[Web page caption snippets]
§ §

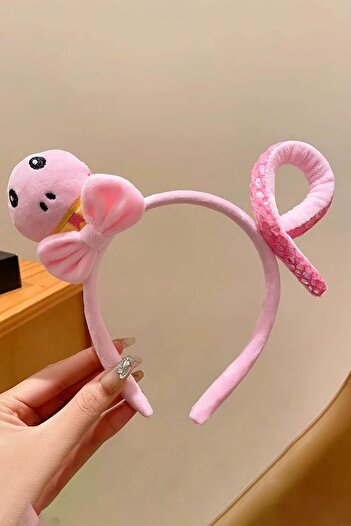 TAKIŞTIR Pink Color Snake Figured Crown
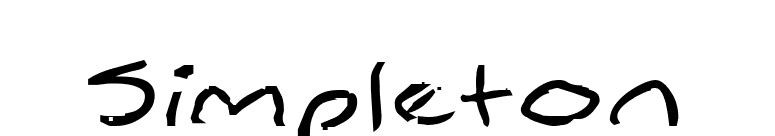 Simpleton font preview
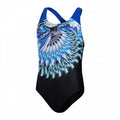 Front - Speedo - Badeanzug Spritzschutz  für Mädchen - Kostüm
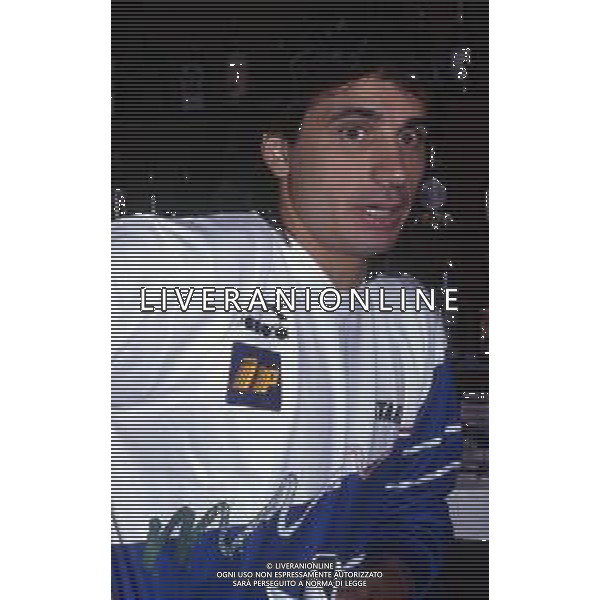 RETROSPETTIVA ANDREA CARNEVALE CALCIATORE NELLA FOTO ANDREA CARNEVALE CON LA MAGLIA DELLA NAZIONALE ITALIANA AG ALDO LIVERANI SAS
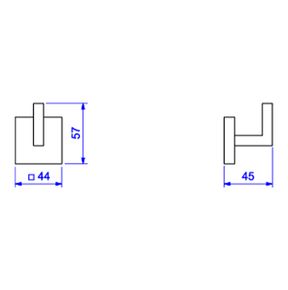 Cabide-Deca-Clean-Red-Gold---Deca---2060.GL.CLN.RD---Fundo-Branco-Medida-Imagem-do-Desenho-tecnico-de-engenharia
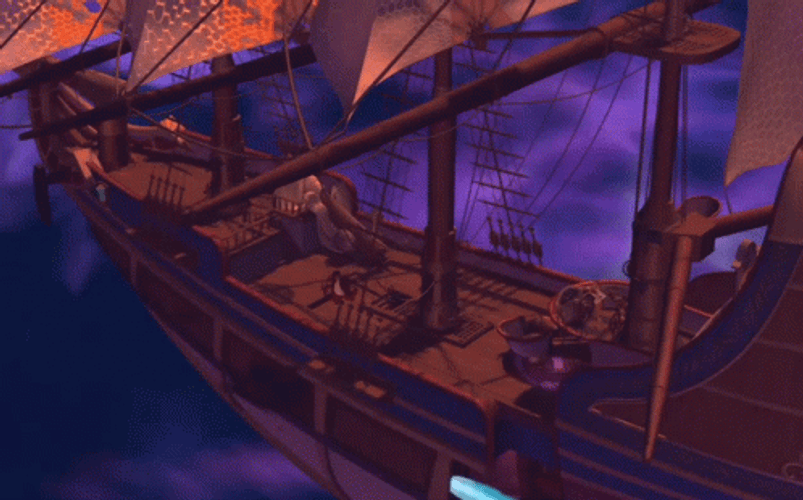 Treasure Planet Jim Solar Surfing GIF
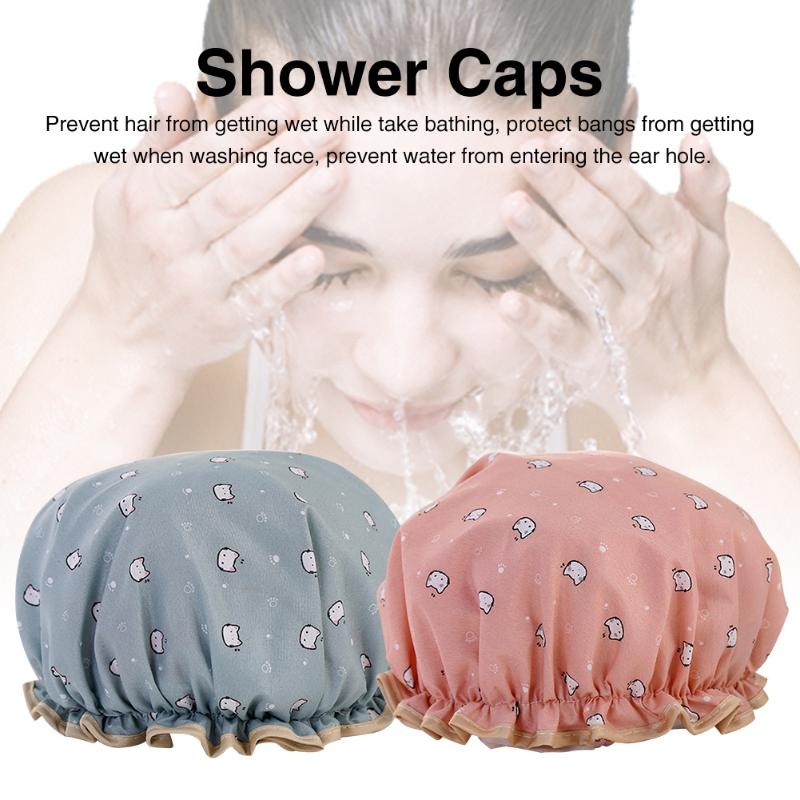 4pcs Waterproof Double Layer Elastic Home Cute Cat Printed Bonnet PEVA Bathroom Bath Accessories Salon Women Shower Cap Reusable
4pcs Waterproof Double Layer Elastic Home Cute Cat Printed Bonnet PEVA Bathroom Bath Accessories Salon Women Shower Cap Reusable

§ §

[THE PROBLEM]:
Reproduce the records above exactly, leaving out every picture they contain.

[RESULT OF THE TASK]:
 TAKIŞTIR Pink Color Snake Figured Crown
 Simpleton font preview
 Front - Speedo - Badeanzug Spritzschutz  für Mädchen - Kostüm
 RETROSPETTIVA ANDREA CARNEVALE CALCIATORE NELLA FOTO ANDREA CARNEVALE CON LA MAGLIA DELLA NAZIONALE ITALIANA AG ALDO LIVERANI SAS
 Cabide-Deca-Clean-Red-Gold---Deca---2060.GL.CLN.RD---Fundo-Branco-Medida-Imagem-do-Desenho-tecnico-de-engenharia
 Treasure Planet Jim Solar Surfing GIF
 4pcs Waterproof Double Layer Elastic Home Cute Cat Printed Bonnet PEVA Bathroom Bath Accessories Salon Women Shower Cap Reusable
4pcs Waterproof Double Layer Elastic Home Cute Cat Printed Bonnet PEVA Bathroom Bath Accessories Salon Women Shower Cap Reusable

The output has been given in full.